Search code examples
rintersectset-difference

Deleting/Subsetting Rows in R by setdiff/intersect


I am trying to delete rows out of my data set that contain certain vegetation types. I want to delete the rows from my unsurveyed data that have vegetation types not found in my surveyed data. I found a way to do this but am looking for a one-line method. I am currently doing this:

> setdiff(unsurveyed_1$VEGETATION, surveyed_1$VEGETATION)

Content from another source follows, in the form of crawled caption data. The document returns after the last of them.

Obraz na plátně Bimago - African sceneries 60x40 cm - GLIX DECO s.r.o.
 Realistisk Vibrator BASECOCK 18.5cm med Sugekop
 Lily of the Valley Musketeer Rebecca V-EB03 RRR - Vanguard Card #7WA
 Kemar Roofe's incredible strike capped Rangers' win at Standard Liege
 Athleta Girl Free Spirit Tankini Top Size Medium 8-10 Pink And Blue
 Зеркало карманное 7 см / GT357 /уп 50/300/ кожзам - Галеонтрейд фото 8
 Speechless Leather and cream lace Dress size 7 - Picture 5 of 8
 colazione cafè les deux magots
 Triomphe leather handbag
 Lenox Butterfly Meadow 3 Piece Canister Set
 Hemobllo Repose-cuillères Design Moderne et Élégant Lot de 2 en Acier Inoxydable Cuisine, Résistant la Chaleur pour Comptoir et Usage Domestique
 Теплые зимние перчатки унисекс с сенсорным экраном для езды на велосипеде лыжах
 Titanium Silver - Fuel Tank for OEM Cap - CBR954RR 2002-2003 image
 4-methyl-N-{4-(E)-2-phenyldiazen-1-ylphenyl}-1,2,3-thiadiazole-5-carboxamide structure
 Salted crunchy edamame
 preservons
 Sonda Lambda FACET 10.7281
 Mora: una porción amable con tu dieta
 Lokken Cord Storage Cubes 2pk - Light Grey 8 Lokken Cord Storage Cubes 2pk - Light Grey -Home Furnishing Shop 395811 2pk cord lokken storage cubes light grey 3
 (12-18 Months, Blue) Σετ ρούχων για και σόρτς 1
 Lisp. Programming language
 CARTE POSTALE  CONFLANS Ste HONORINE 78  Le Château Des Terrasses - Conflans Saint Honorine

Which returns seven vegetation types that I then delete doing this:

> unsurveyed_1 <- unsurveyed_1[!unsurveyed_1$VEGETATION == "Acer rubrum- Nyssa sylvatica saturated forest alliance",]
> unsurveyed_1 <- unsurveyed_1[!unsurveyed_1$VEGETATION == "Acer rubrum/Quercus coccinea-Acer rubrum-Vaccinium corybosum-Vaccinium palladium",]
> unsurveyed_1 <- unsurveyed_1[!unsurveyed_1$VEGETATION == "Building",]
> unsurveyed_1 <- unsurveyed_1[!unsurveyed_1$VEGETATION == "Parking Lot",]
> unsurveyed_1 <- unsurveyed_1[!unsurveyed_1$VEGETATION == "Prunus serotina",]
> unsurveyed_1 <- unsurveyed_1[!unsurveyed_1$VEGETATION == "Typha (angustifolia, latifolia) - (Schoenoplectus spp.) Eastern Herbaceous Vegetation",]
> unsurveyed_1 <- unsurveyed_1[!unsurveyed_1$VEGETATION == "Water",]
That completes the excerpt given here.